Analytical Scale Isolation and Purification of Propranolol Impurities Including Nitrosamine Drug Substance Related Impurity (NDSRI)

Importance of the Topic

The presence of nitrosamine drug substance–related impurities (NDSRIs) in pharmaceuticals presents a significant safety concern due to their potential carcinogenicity. These impurities can arise during manufacturing or storage when APIs react with residual nitrosating agents, requiring reliable analytical workflows to isolate, characterize, and quantify them for regulatory compliance and patient safety.

Objectives and Overview of the Study

This application note describes an analytical-scale workflow for isolating and purifying N-nitroso-propranolol and other trace-level impurities of the propranolol API. The main goals were to develop a chromatography method with high resolution, implement mass-directed fraction collection, and verify the purity of isolated fractions using orthogonal techniques.

Methodology and Instrumentation

The purification strategy employed liquid chromatography with mass-triggered fraction collection followed by orthogonal verification. Key elements include:

• Chromatography system: Waters Arc Premier with binary or quaternary solvent managers and flow-through needle injectors
• Detectors: 2998 Photodiode Array (PDA) and ACQUITY QDa II Mass Detector
• Fraction collector: Waters Fraction Manager–Analytical (WFM-A)
• Columns: XSelect Premier CSH C18 and Premier HSS T3, both 4.6 × 100 mm, 2.5 µm
• Software: MassLynx with FractionLynx Application Manager and Empower CDS

Main Results and Discussion

The initial method achieved baseline separation of propranolol and N-nitroso-propranolol, with the latter detected at m/z 289 [M+H]+. Mass-triggered and time-based fraction collection enabled targeted isolation of the impurity. Purity assessment on an orthogonal HSS T3 column showed 96.1% chromatographic purity and confirmed spectral homogeneity. To resolve a co-eluting minor impurity, a shallow focused gradient was designed using a dedicated calculator. This approach enhanced resolution without extending run time, allowing successful collection of multiple low-level impurities.
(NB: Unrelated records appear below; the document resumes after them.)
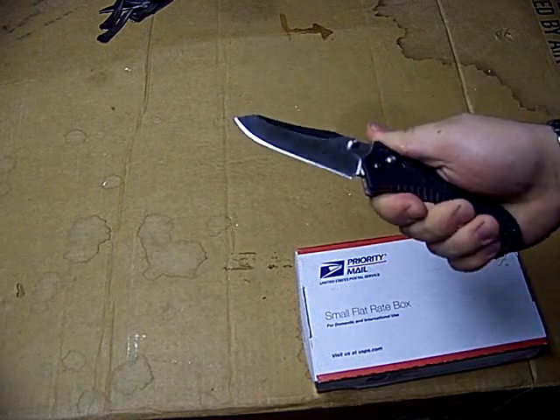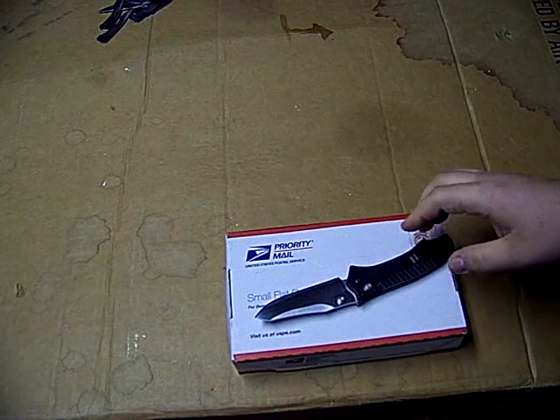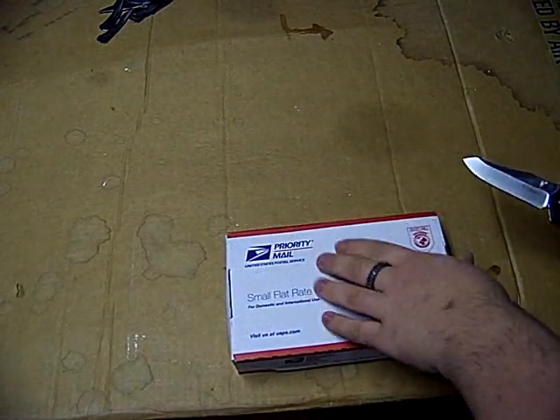Today is actually my birthday, so that's awesome timing on this one. This is a birthday present that I got from my folks. I'm going to cut off the camera because I didn't cover the address and stuff, so sorry guys.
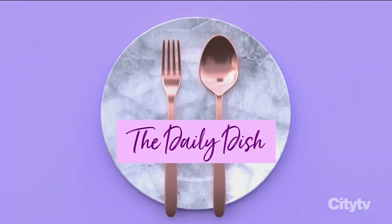We are back. Let's find out what's cooking today. It's time for the Daily Dish. Today we're making miso onion baked salmon.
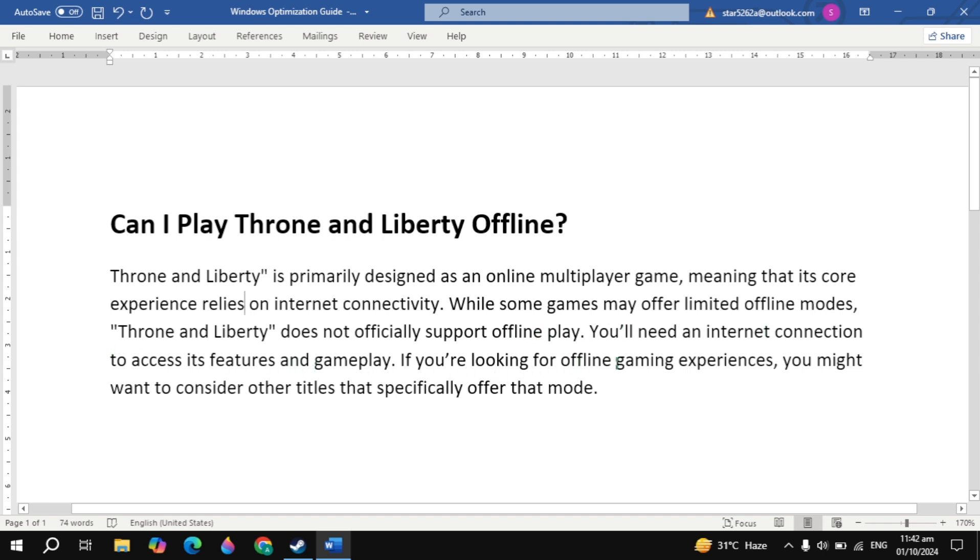If you are looking for an offline gaming experience, you might want to consider other titles that specifically offer that mode. If you find this video helpful, please like it. Bye bye and take care.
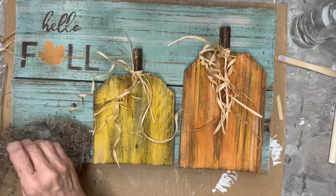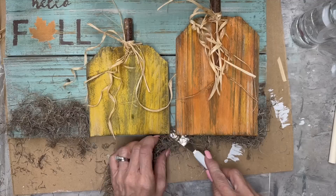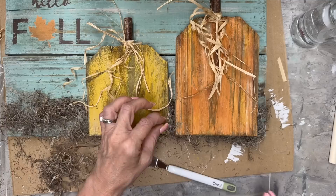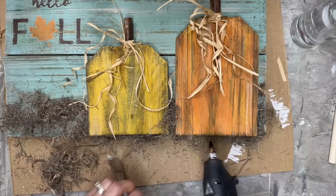Then I'm going to take some Spanish moss from Dollar Tree and just glue a little bit along the bottom, as if it looks like our little pumpkins are sitting in a patch of dead grass. These pumpkins are growing in Texas because you know there's lots of dead grass in Texas about now! I'm going to use a little hot glue and a tool to poke the moss up in there where I want it and hot glue it down so it doesn't go anywhere.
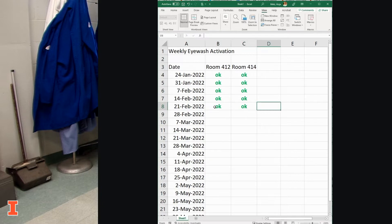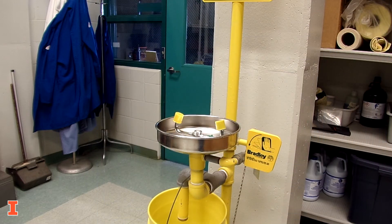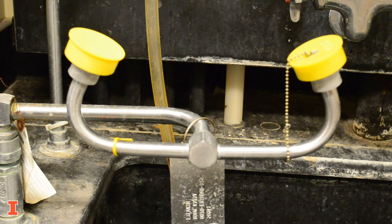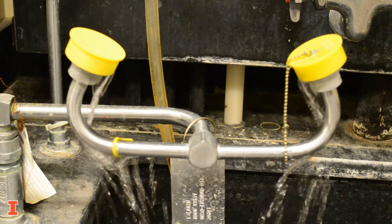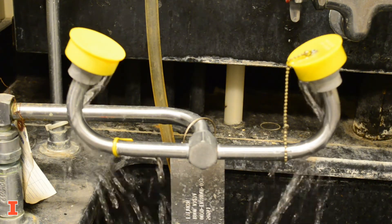Inform your building manager if the eyewash is not functioning properly. For example, if the pressure is not sufficient to remove the caps, if the water streams are uneven, or if you notice extreme temperature swings.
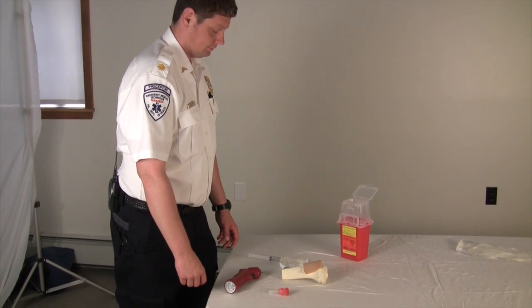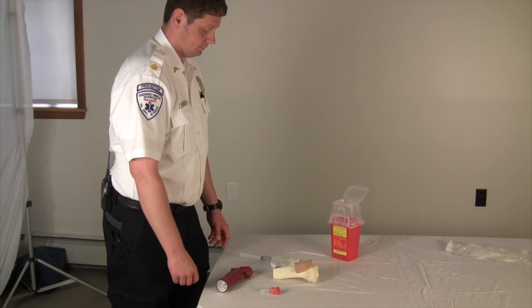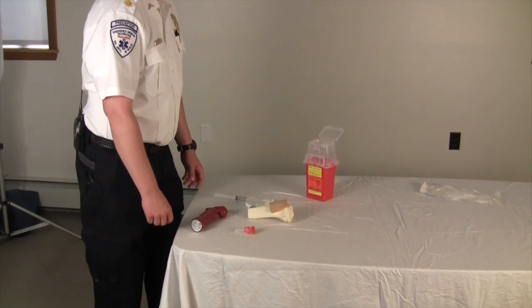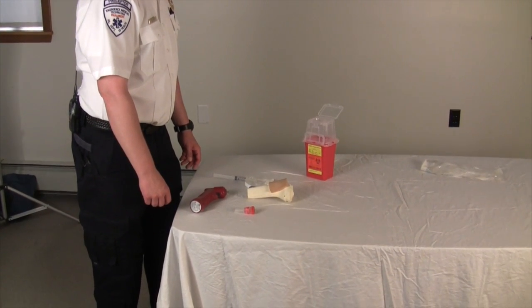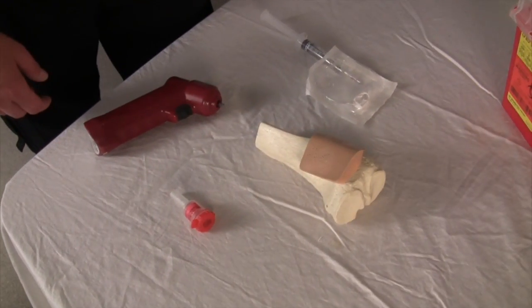IV access in the non-perfusing patient has always been a challenge. To answer that challenge, we've come up with intraosseous medication administration. It's very simply a hollow needle that reaches into the inside of the bone, into the bone marrow, through which you can deliver medication.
Benefits and Practical Applications

The described workflow offers:

• Efficient isolation of trace-level nitrosamine impurities using mass-directed fraction collection
• Enhanced resolution and fast separations via sub-5 µm analytical columns and focused gradients
• High-purity reference materials for structural characterization and quantitation
• Adaptability to various APIs and impurity profiles in pharmaceutical quality control

Future Trends and Possibilities

Advances in fraction collection automation, real-time mass guidance, and gradient optimization tools will further streamline impurity isolation. Integration with high-throughput and AI-driven method development platforms can accelerate reference standard generation. Broader application to other nitrosamines and emerging impurity classes will support regulatory compliance and risk mitigation.

Conclusion

This study demonstrates a robust analytical-scale isolation and purification workflow for propranolol impurities, leveraging mass-triggered fraction collection and focused gradients. The approach yields high-purity fractions suitable for further structural characterization and reference standard use, offering a versatile solution for pharmaceutical impurity management.

References

1. Razvan C. Cioc, Ciarán Joyce, Monika Mayr, Robert N. Bream. Formation of N-Nitrosamine Drug Substance-Related Impurities in Medicines: A Regulatory Perspective on Risk Factors and Mitigation Strategies. Organic Process Research & Development. 2003;27(10).
2. Nakka S, Muchakayala SK, Surya SBM. Strategic Approaches to Elevate Quality and Sustainability of NDSRIs Method Development: Synthesis and Simultaneous Quantification Study of Multiple Tamsulosin NDSRIs. Microchemical Journal. 2025;214:114065.
3. Li X, Le Y, Seo JE, Guo X, Li Y, Chen S, et al. Revisiting the Mutagenicity and Genotoxicity of N-nitroso-Propranolol in Bacterial and Human in Vitro Assays. Regulatory Toxicology and Pharmacology. 2023;141:105410.
4. International Conference on Harmonization. ICH Q3A(R2): Impurities in New Drug Substances. 2006.
5. International Conference on Harmonization. ICH Q3B(R2): Impurities in New Drug Products. 2006.
6. U.S. Food and Drug Administration. Guidance for Industry Q3A Impurities in New Drug Substances. 2008.
7. Prajapati PB, Wankhed N, Mehta PJ. A Review on Multi Approaches for Impurity Isolation and its Characterization. Journal of Drug Delivery & Therapeutics. 2019;9(4-A):793-802.
8. Jablonski J, Wheat TE, Diehl DM. Developing Focused Gradients for Isolation and Purification. Waters Application Note. 2009.
9. Cleary R, Lefebvre P. The Impact of Focused Gradients on the Purification Process. Waters Application Note. 2007.
10. Waters Corporation. Waters Focused Gradient Calculator. Online resource. 2025.